Gont                      Expires July 15, 2012                 [Page 3]
Internet-Draft             Flow Label Security              January 2012

 2.   Vulnerability analysis

 2.1.   RFC3697-compliant implementations

 2.1.1.   DoS resulting from verification of Flow Label consistency

   [RFC2460] states that hosts and routers that do not support the
   functions of the Flow Label field are required to set this field to
   zero, pass the field unchanged when forwarding a packet, and ignore
   the field when forwarding a packet.

   If any packet belonging to a flow includes a Hop-by-Hop Options
   header, then they all must be sent with the same Hop-by-Hop Options
   header contents (excluding the Next Header field of the Hop-by-Hop
   Options header).  If any of those packets contains a Routing Header,
   then all packets belonging to that flow must be originated with the
   same contents in all Extension Headers up to and including the
   Routing Header (but excluding the Next Header field of the Routing
   header).

   Appendix A of [RFC2460] states that routers and destinations are
   permitted, but not required, to verify that these conditions are
   satisfied.  In order to perform this verification, the Hop-by-Hop
   Options header (and possibly the Destination Options header and the
   Routing header) used for the packets of each of the different flows
   should be kept in memory.  This requirement, by itself, would open
   the door to at least two Denial of Service (DoS) vulnerabilities.

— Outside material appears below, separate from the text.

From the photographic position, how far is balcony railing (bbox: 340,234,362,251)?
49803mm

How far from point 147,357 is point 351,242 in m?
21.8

   Firstly, an attacker could forge a large number of packets with
   different values for the Flow Label field, thus leading the attacked
   system to record the Hop-by-Hop Options header (and possibly a
   Destination Options header and a Routing header) for each of the
   forged "flows".  This might exhaust the attacked system's memory, and
   thus lead to a system crash or a Denial of Service (DoS) to
   legitimate flows.

   If a control protocol is used to convey the special handling for the
   flow, then such information could be recorded only upon receipt of
   the first packet belonging to a flow for which this "flow setup" has
   been completed.  And thus this particular threat would be somewhat
   mitigated.

   If the nature of the special handling for the flow were carried in a
   hop-by-hop option, the system performing the aforementioned
   information would have to record the Hop-by-Hop Options header (and
   possibly a Destination Options header and a Routing header) of each
   packet belonging to a "new" flow.  As a result, an attacker could
   simply send a large number of forged packets belonging to different

Gont                      Expires July 15, 2012                 [Page 4]
Internet-Draft             Flow Label Security              January 2012

   flows, thus leading the attacked system to tie memory for each of
   these forged flows.  This might exhaust the attacked system's memory,
   and thus lead to a system crash or the Denial of Service (DoS) to
   legitimate flows.

   Secondly, rather than aiming at exhausting system resources, an
   attacker could send forged packets with the intent of having the
   attacked system record their headers, so that future legitimate
   packets are discarded as a result of not including the same extension
   headers that had been recorded upon receipt of the forged packets.

   Therefore, while this verification might be of help to mitigate some
   blind attacks by obfuscation, we believe the drawbacks of performing
   such verification outweigh the potential benefits, and thus recommend
   systems to not perform such verification.

2.1.2.  Covert channels

   As virtually every protocol header field, the Flow Label could be
   used to implement a covert channel.  In those network environments in
   which the Flow Label is not used, middle-boxes such as packet
   scrubbers could eliminate this covert channel by resetting the Flow
   Label with zero, at the expense of disabling the use of the Flow
   Label for e.g., load-balancing.  Such a policy should be carefully
   evaluated before being enabled, as it would prevent the deployment of
   any legitimate technology that makes use of the Flow Label field.

   It should be stress that is very difficult to eliminate all covert
   channels in a communications protocol, and thus the enforcement of
   the aforementioned policy should only be applied after careful
   evaluation.

2.1.3.  QoS theft

   If a network identifies flows that will receive a specific QoS by
   means of the Flow Label, an attacker could forge the packets with
   specific Flow Label values such that those packets receive that QoS
   treatment.

2.1.4.  Information Leaking

   If a host selects the Flow Label values of outgoing packets such that
   the resulting sequence of Flow Label values is predictable, this
   could result in an information leakage.  Specifically, if a host sets
   the Flow Label value of outgoing packets from a system-wide counter,
   the number of "outgoing flows" would be leaked.  This could in turn
   be used for purposes such as "stealth port scanning" (see Section 3.5
   of [CPNI-IP]).

Gont                      Expires July 15, 2012                 [Page 5]
Internet-Draft             Flow Label Security              January 2012

2.2.  RFC6437-compliant implementations

   The security-wise main changes introduced in [RFC6437] are:

   o  Since Section 6 and Appendix A of RFC 2460 has been essentially
      obsoleted, the revised specification does not describe any
      verification for consistency of the Flow Label values of different
      packets of the same "flow".  Therefore, the vulnerability
      described in Section 2.1.1 has been eliminated.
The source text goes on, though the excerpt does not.